The Salem museum examines 200 years of artists capturing the beauty, violence and poetry of the sea in American life. Visitors are transported across time and water through paintings by artists such as Georgia O'Keeffe, Winslow Homer, Kay WalkingStick and Amy Sherald.

Amy Sherald, official portrait artist to First Lady Michelle Obama, offers something we don’t always see in museums — black people on a beach. Sherald’s 2019 painting Precious jewels by the sea offers a contemporary twist on marine painting while depicting four Black teenagers in bathing suits, the deep blue horizon beyond. Two boys stand tall with girls seated on their shoulders. Sherald describes her motivation to make “images of things that we normally do but we don’t get to see in spaces like museums. Like black people going to the beach. . . So it’s really just about creating American narratives about American people— while critiquing it at the same time.”

Guests in the gallery on opening weekend of In American Waters. KATHY TARANTOLA/PEM

This summer, visitors to the Peabody Essex Museum will see that marine painting is so much more than ship portraits.  In American Waters, combines art history, marine history, and even neuroscience as well as a range of artists and artistic expressions to create a more inclusive vision of American marine painting and American art. 

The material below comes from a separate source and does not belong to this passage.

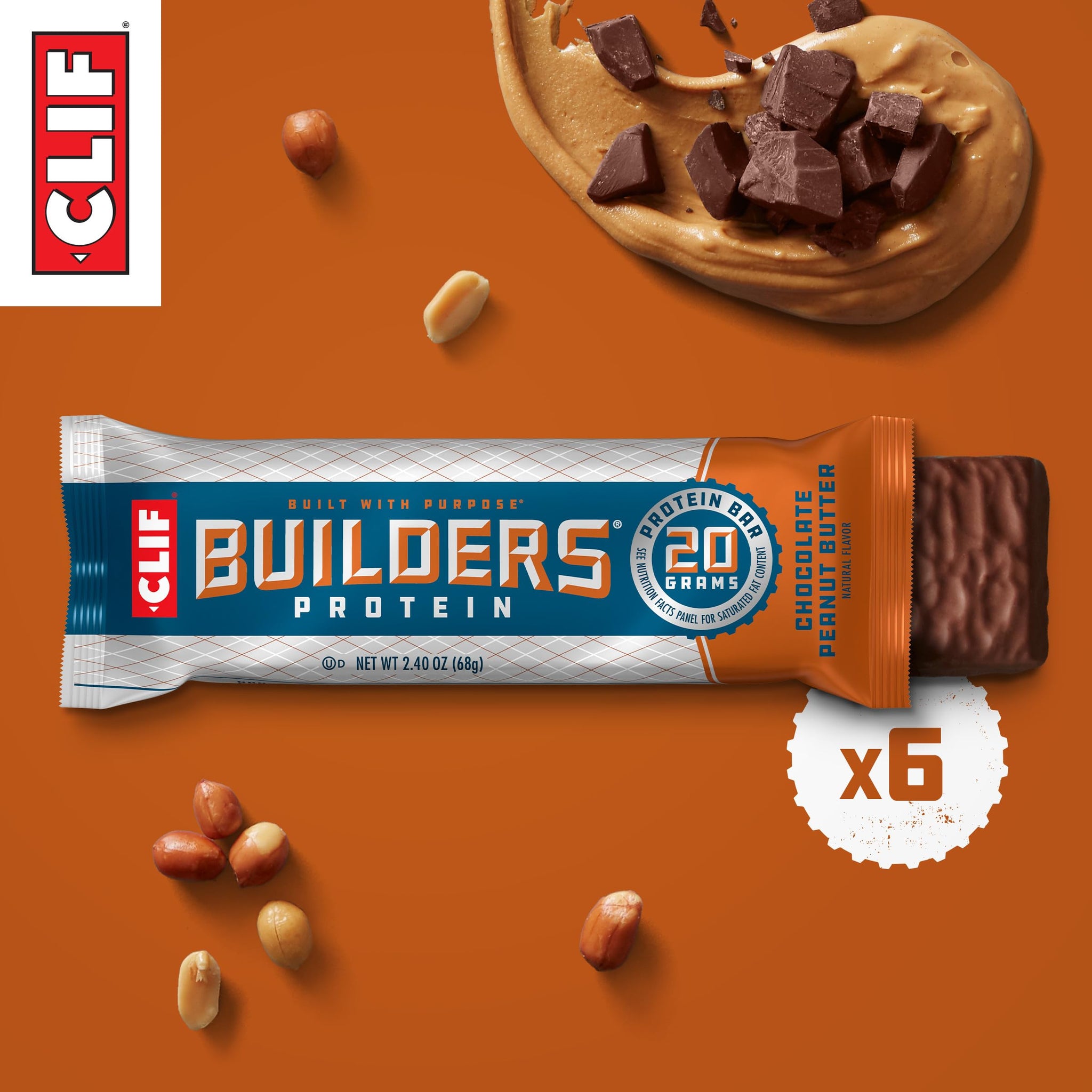CLIF BUILDERS Protein Bars - Chocolate Peanut Butter Flavor - 20g Plant Based Protein - Gluten Free - Non-GMO - Low Glycemic - No Artificial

“We are casting the net more broadly and incorporating works that are clearly infused with maritime themes, which don’t necessarily depict a portrait of a ship of a particular moment in time, but evoke the maritime experience in different ways,” says Dan Finamore, PEM’s Associate Director – Exhibitions and The Russell W. Knight Curator of Maritime Art and History. 

Michele Felice Cornè (1752-1845). Ship America on the Grand Banks, about 1800. Oil on canvas. 39 3/4 x 56 inches (100.965 x 142.24 cm). Gift of Mrs. Francis B. Crowninshield, 1953

Founded in 1799 by the East India Marine Society, the Salem museum developed one of the nation’s first and foremost maritime collections. The works gathered for this exhibition, from America’s early days to the contemporary era, convey powerful origin stories and everyday scenes. Horizons transport us to the sea as a real and imaginative space. The horizon, whether in the realist portrayal by John Frederick Kensett or the modernist abstraction of Norman Lewis, forms a singular point of reference that can orient or disorient us and foster a wide range of emotions. 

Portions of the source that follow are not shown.